Having spent several hundred million pounds developing its technology, Homechoice was bought by Italian internet service provider Tiscali last week in a deal valuing it at up to &£100m.
Homechoice was a market leader in developing multi-play services, offering broadband internet access, television and a phone service in a bundled package. But despite novel services like 1,000 movies and 5,000 music videos available on demand, just 45,000 people signed up. A number of other potential buyers, thought to include BSkyB, have taken a look at the business recently before walking away. The question now is whether Tiscali can succeed where others have opted out.
“It needs to expand its services desperately,” says Rupert Graves, chief executive of digital media consultancy Industria Media. “There’s lots of price competition out there and the likes of Virgin, Sky and Orange offer a value proposition. Companies like Tiscali feel exposed.” He calls Tiscali a “middle-ranking” brand at the moment, but adds: “The addition of these services should help change that.”
Tiscali currently vies with Orange for fourth place in the UK broadband market, trailing behind BT, NTL/Telewest and AOL. It has some 1.2 million broadband customers, 350,000 of which also take its telephone service.
Against these figures, Homechoice’s user base is tiny. What Tiscali is really purchasing is not the customers, but the technology and content it hopes will allow it to compete against its rivals in an ever more crowded field.

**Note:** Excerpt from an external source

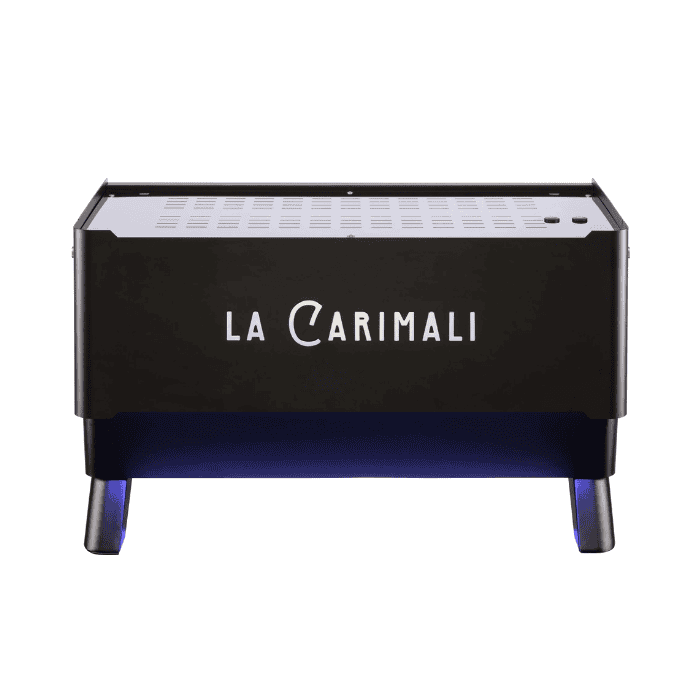 Carimali Glow view 6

Homechoice’s owner Video Networks has agreements with all the major Hollywood studios, along with independent film companies and broadcasters such as the BBC and Nickelodeon.
Effectively Tiscali is betting that offering more content and services will help it survive at the point where broadband becomes a commodity.
“Obviously we’d like to make content available across as many platforms as possible,” says a spokeswoman for Tiscali. “The aim for us is multi-platform.”
When it relaunches as a triple-play offer at the end of the year, the Homechoice brand will be sidelined. Tiscali will then take its expanded service to other European countries. It already has 3.3 million users spread across Italy, Germany, the Netherlands and the Czech Republic, although there is speculation that it could sell its German and Dutch operations.
What do consumers want?
The difficulty Tiscali and its rivals, many of whom are also developing triple-play or even quad-play services, will face is that there is little evidence that consumers actually want them. Indeed, Homechoice’s failure to build up a sizeable user base highlights the fact that consumers are unconvinced of the need to throw all their eggs into one basket.
According to Ofcom, the number of households taking broadband, fixed telephony and cable television from one provider was 120,000 in the first quarter of the year.
While there are advantages to consumers taking these bundled offers, such as cheaper pricing, Ofcom points out that there are also disadvantages. Switching service providers is more difficult when everything has to change at once and consumers are left high and dry if the service breaks down.
Meanwhile, downward pressure on prices is likely to continue. If Tiscali is to prosper, it will have to attract more advertising pounds as well as more customers.
Graves says: “Advertising and sponsorship revenues will pay for the services. It’s going to be companies that can attract advertising and marketing that will succeed.”